Assalamu'alaikum silahkan kirim hasil dari praktikum
Waalaikumsalam, izin mengumpulkan tugas buu
waalaikumsalam wr wb
baik bu
nama : nur hafniaty z napu
nim : 1810301119
kasus skenario 1
seorang remaja 17 tahun mengalami kecelakaan sehingga menyebabkan terjadinya Epidural Hematoma. Epidural hematoma terjadi akibat robekan arteri meningea media atau cabang-cabangnya akibat fraktur pada daerah temporoparietal. Akumulasi darah melepaskan perlekatan duramater dari dinding tabula interna yang kemudian terisi hematoma.Kemungkinan lain pada awal duramater terlepas dari dinding tabula interna kemudian ruang yang terbentuk terisi oleh hematoma. Sumber perdarahan terbanyak bersumber dari perdarahan arteri: arteri meningea media (85%), dapat juga berasal dari vena meningea media, sinus duramater atau dari vena diploe.Terjadi tekanan herniasi unkus pada sirkulasi arteri ke farmasio retikularis medula oblongata yang menyebabkan pasien kehilangan kesadaran dan pasien koma.
Pemeriksaan :
1. Pemeriksaan fisik dilakukan untuk menilai kemampuan bergerak, keseimbangan, hingga sensorik pasien yang baru saja mengalami cedera bagian kepala.
2. Tes neurologis digunakan untuk memeriksa kondisi fungsi sistem saraf pusat.
3. CT Scan atau MRI untuk memeriksa tulang tengkorak dan jaringan lunak yang ada pada otak.
4. EEG juga akan dilakukan untuk menilai aktivitas listrik yang terjadi pada otak.
Penatalaksanaan/ intervensi :
1. Resusitasi airway, breathing dan sirkulasi.
2. Pemasangan collar brace.
3. Tindakan operatif dilakukan bila gejala simptomatik serta gambaran CT Scan ketebalan lebih dari 1 cm serta pergeseran midline lebih dari 0,5 cm.
Pada kasus skenario 1 pasien juga mengalami fraktur 1/3 tibia dextra.

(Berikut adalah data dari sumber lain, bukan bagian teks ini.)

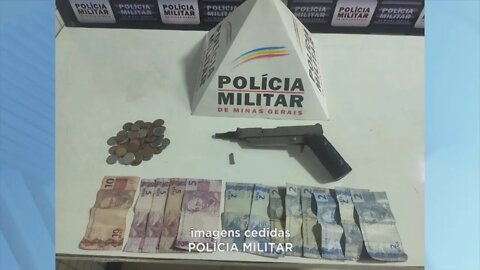 Roubo em padaria: dupla detida suspeita de crime com arma de fabricação artesanal e dinheiro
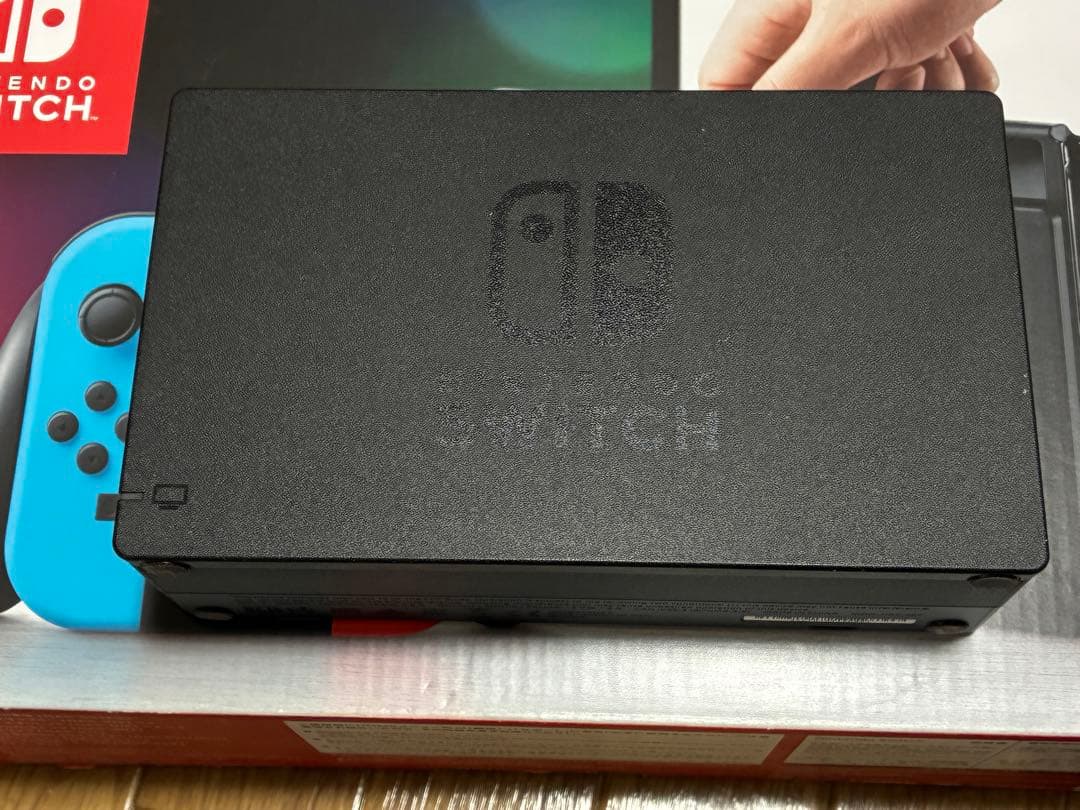 Nintendo Switch ニンテンドースイッチ　本体　任天堂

Kondisi ini terjadi akibat adanya trauma yang mengenai tulang tibia.
Pemeriksaan :
1. Pemeriksaan rontgen dengan tujuan untuk menentukan lokasi / luasnya fraktur / trauma.
2. Scan tulang (fomogram, scan CT / MRI) untuk memperlihatkan fraktur dan juga dapat digunakan untuk mengidentifikasikan kerusakan jaringan lunak.
3. Pemeriksaan Fisioterapi meliputi pemeriksaan nyeri, pemeriksaan oedem, pemeriksaan kekuatan otot, pemeriksaan LGS, dsb.
Penatalaksanaan pada fraktur 1/3 tibia dextra yaitu :
- Tindakan non operatif :
1. Reduksi
Reduksi adalah terapi fraktur dengan cara mengantungkan kaki dengan tarikan atau traksi.
2. Imobilisasi
Imobilisasi dengan menggunakan bidai. Bidai dapat dirubah dengan gips, dalam 7-10 hari, atau dibiarkan selama 3-4 minggu.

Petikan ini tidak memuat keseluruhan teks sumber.